Can you transcribe the data exactly? Leave the pictures out.

BEGIN RECORDED DATA

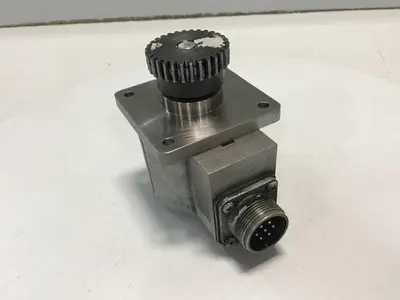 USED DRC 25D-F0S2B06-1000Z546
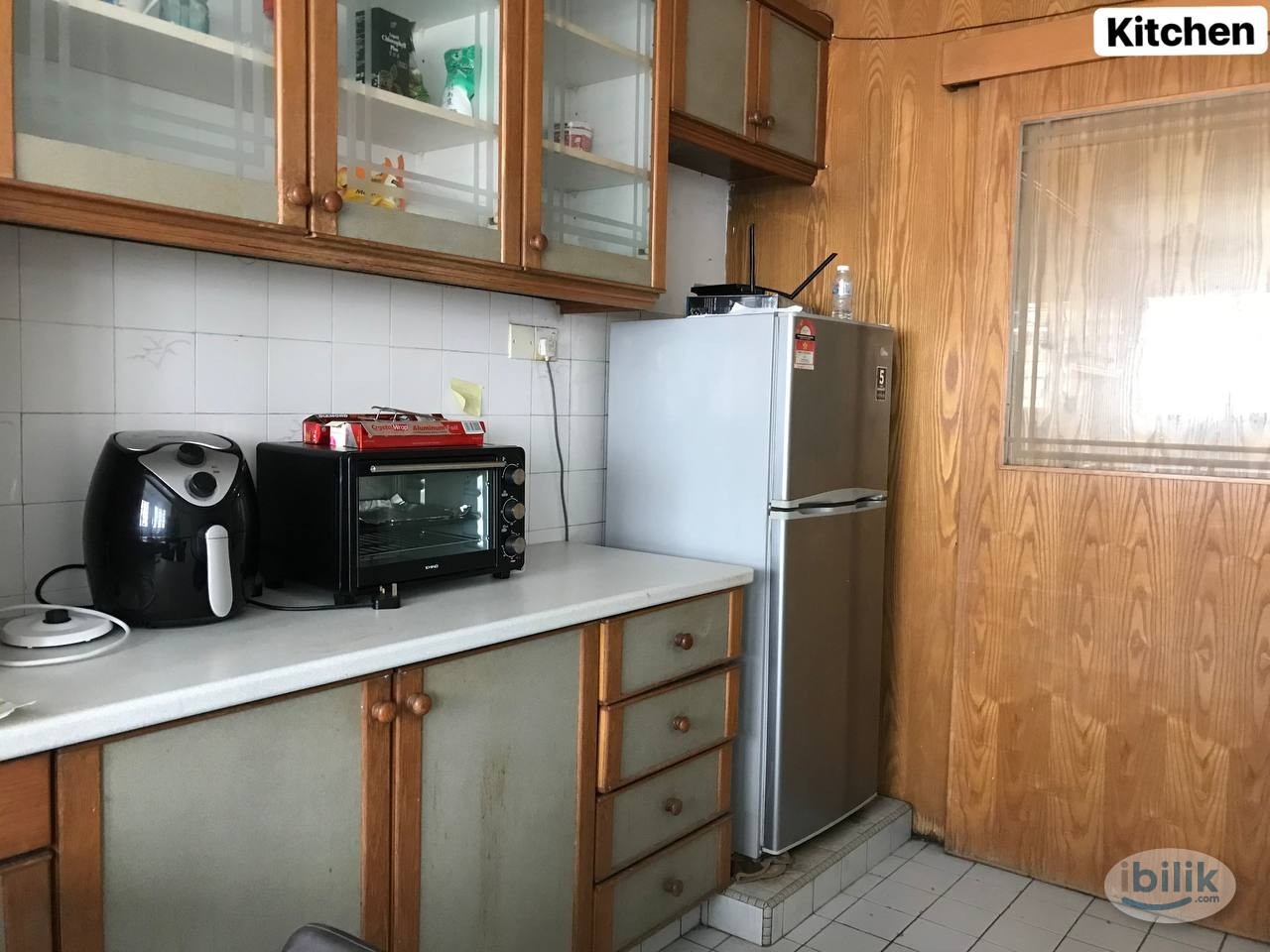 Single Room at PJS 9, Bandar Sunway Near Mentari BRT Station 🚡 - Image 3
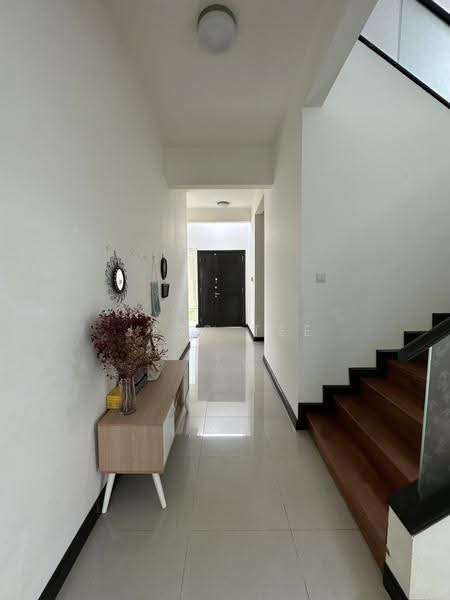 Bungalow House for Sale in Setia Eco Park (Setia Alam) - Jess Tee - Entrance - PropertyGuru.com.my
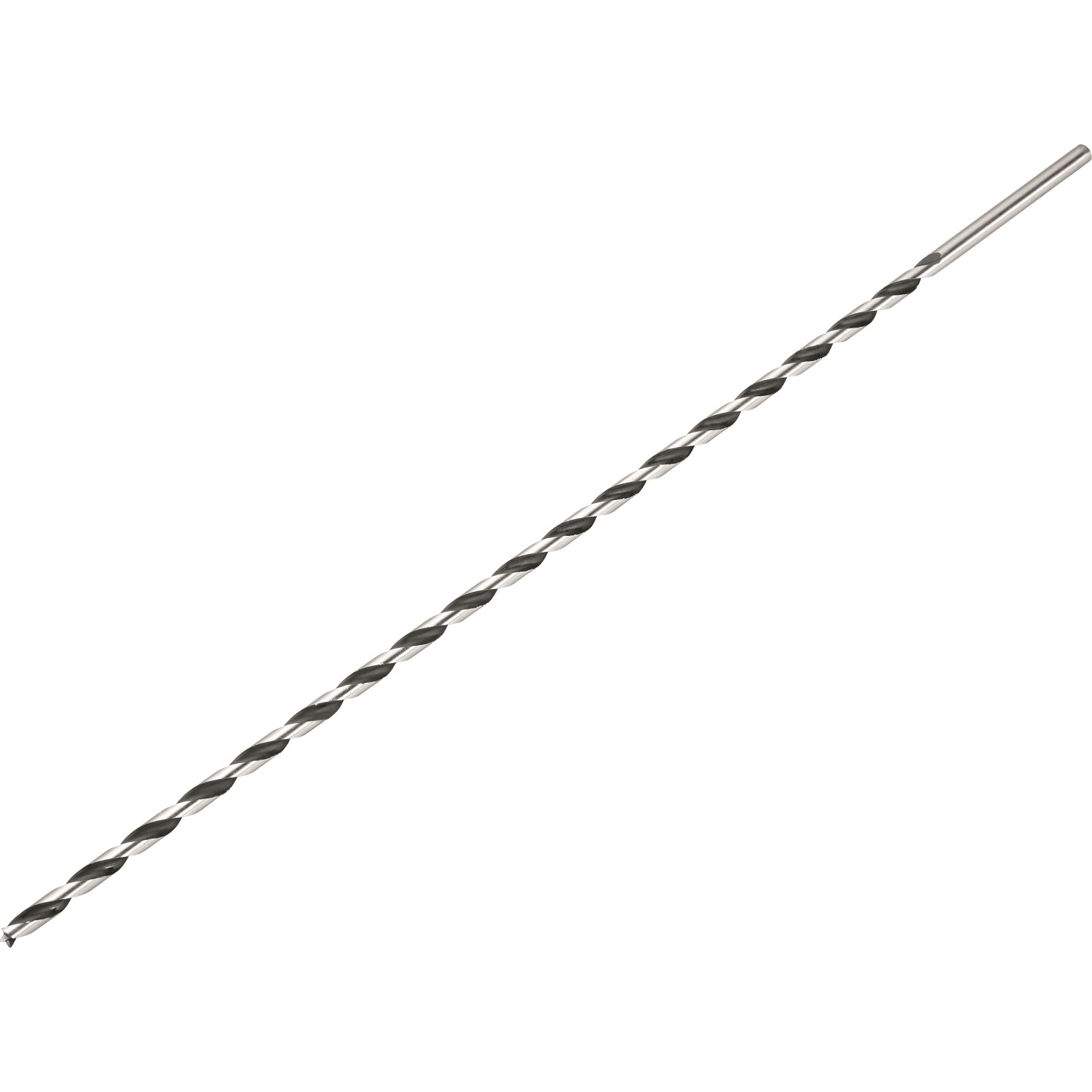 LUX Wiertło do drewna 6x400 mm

END RECORDED DATA

- **WRITTEN ANSWER**
 USED DRC 25D-F0S2B06-1000Z546
 Single Room at PJS 9, Bandar Sunway Near Mentari BRT Station 🚡 - Image 3
 Bungalow House for Sale in Setia Eco Park (Setia Alam) - Jess Tee - Entrance - PropertyGuru.com.my
 LUX Wiertło do drewna 6x400 mm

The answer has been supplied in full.